The paper paints a disturbing portrait of the financial services sector from the perspective of key market participants, such as investment managers, financial advisers, brokers and bankers. Key findings show that investment professionals perceive deep-seated deficiencies in the areas of individual integrity, corporate leadership and regulatory effectiveness.
The findings are nothing short of depressing. More than half (52%) of the respondents said they consider it likely that competitors have engaged in unethical or illegal activity to gain an edge in the market.
WOULD IF THEY COULD
Nearly one-quarter (24%) said they suspect that employees in their own company have engaged in misconduct, and 29% said they think that financial services professionals may need to engage in unethical or illegal activity to be successful. Most concerning of all is the fact that 24% of the respondents said they would likely engage in insider trading to make $10 million if they could get away with it.
With respect to corporate leadership, the survey outcomes point to both structural and cultural impediments to ethical conduct. Twenty-six percent of the respondents said they think that the compensation and bonus plans at their companies give employees an incentive to compromise ethical standards or violate the law.

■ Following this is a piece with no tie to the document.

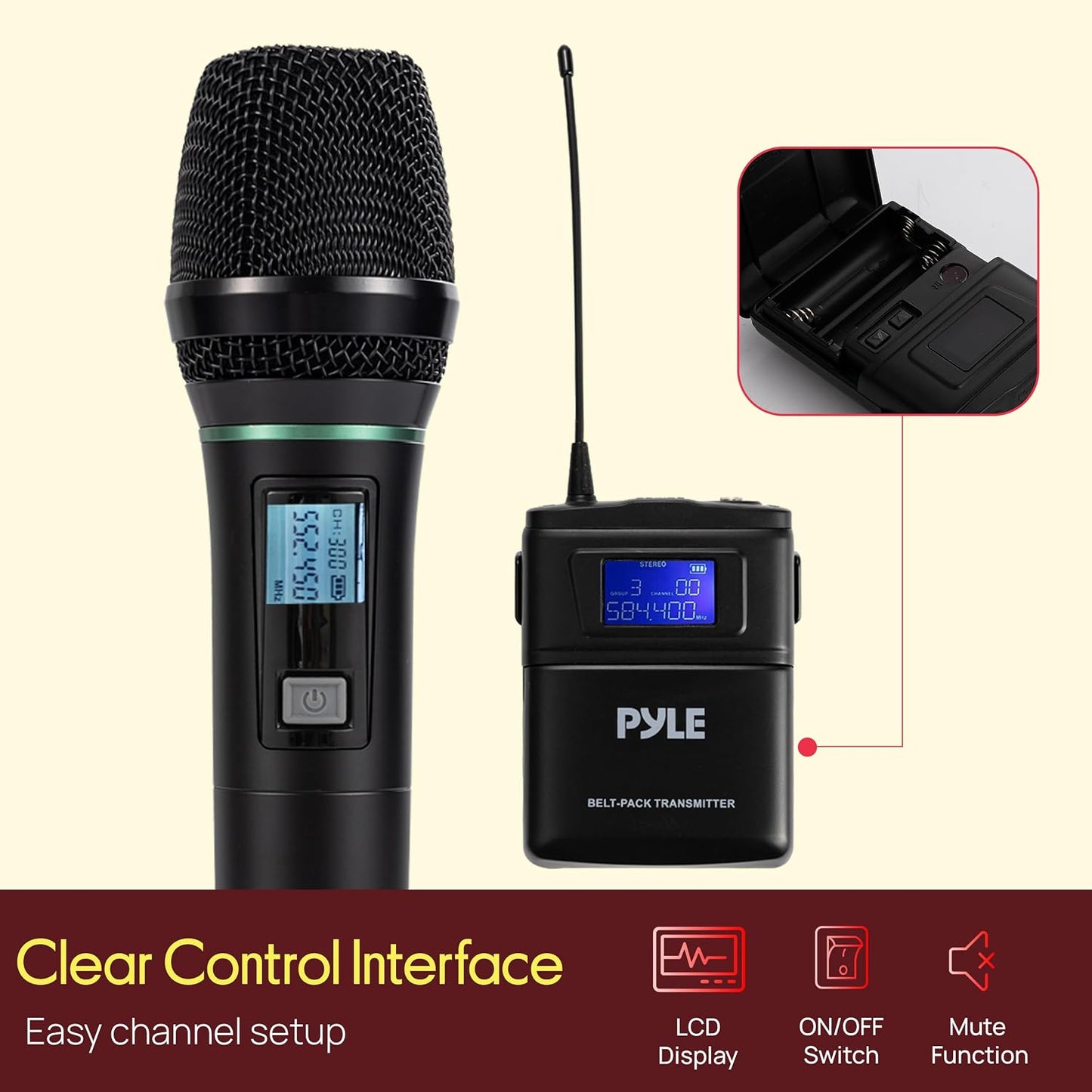 Pyle Sistema de micrófono inalámbrico UHF de 4 canales con 2 micróf...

When asked about how management would respond to suspected insider trading by a top performer, 17% said they expect that their leaders would look the other way. Even more worrisome is the finding that 24% of the respondents said they would fear retaliation if they reported wrongdoing.
As an overall assessment, 28% of the respondents said the financial services industry doesn't put the interests of clients first.

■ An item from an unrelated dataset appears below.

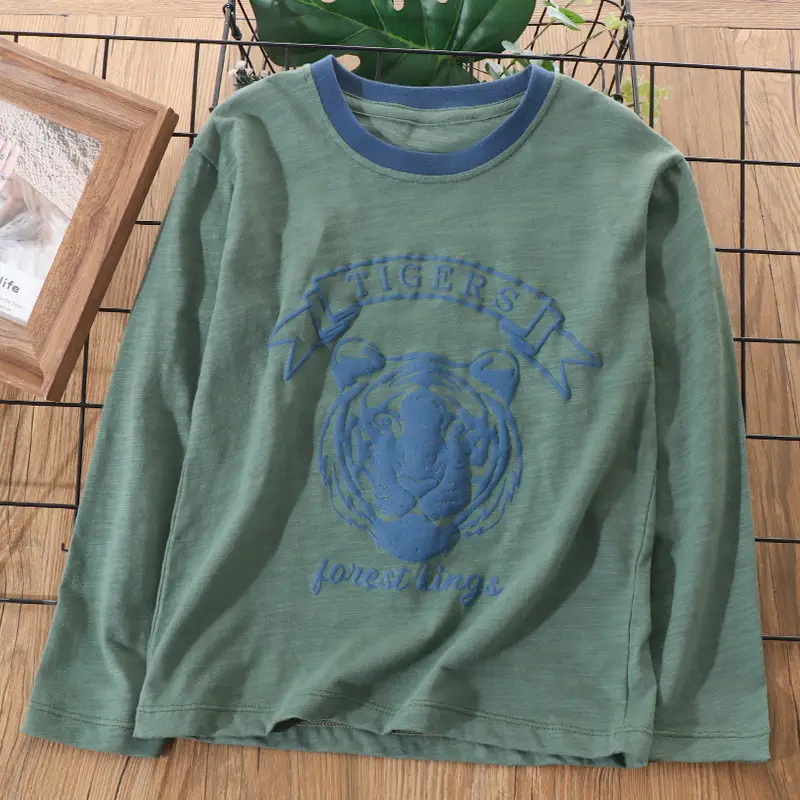 Boys Long Sleeve Tiger Print T-Shirt Purple Cotton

The survey captured perceptions of rising regulatory effectiveness from the previous year's findings. Although this was characterized as a bright spot in the survey results, the statistics fell well short of what objectively could be called positive news.
The Securities and Exchange Commission is viewed by 62% of respondents as effective in detecting, investigating and prosecuting misconduct; 57% similarly said they consider the Financial Industry Regulatory Authority Inc. effective. Just 36% said they think Wall Street has changed for the better since the Dodd-Frank Act was enacted in 2010.
All these statistics pertain to aggregate survey data.
AGE DIFFERENCES
The survey captured sharp differences in the responses of those with 10 or fewer years of experience in the financial services field, versus those with more than 20 years of experience. Across nearly every reported line of inquiry, the respondents with the least amount of experience indicated significantly lower assessments of individual integrity and corporate leadership than the most-experienced group.
For example, twice as many of the least-experienced group said they think that financial service professionals may have to engage in misconduct to get ahead as the most-experienced segment (36% versus 18%). Compounding concern about that statistic is the finding that nearly three times as many of the least-experienced respondents said they fear retaliation for reporting wrongdoing (32% versus 11%).
But most shocking of all is the apparent propensity for the least experienced to commit wrongdoing. More than four times as many of the least-experienced respondents said they would be likely to commit insider trading if they could make $10 million and had no chance of getting caught (38% versus 9%).
The authors of the white paper noted: “No matter what commercial crisis we examine, there are, almost without exception, three factors that form a perfect storm: greed, weak leadership and fear.”
All isn't well in the financial services sector. Regulatory reform is necessary but not sufficient to create a culture of integrity and fiduciary responsibility; corporate and professional leadership also are essential.
Blaine F. Aikin is president and chief executive of fi360 Inc.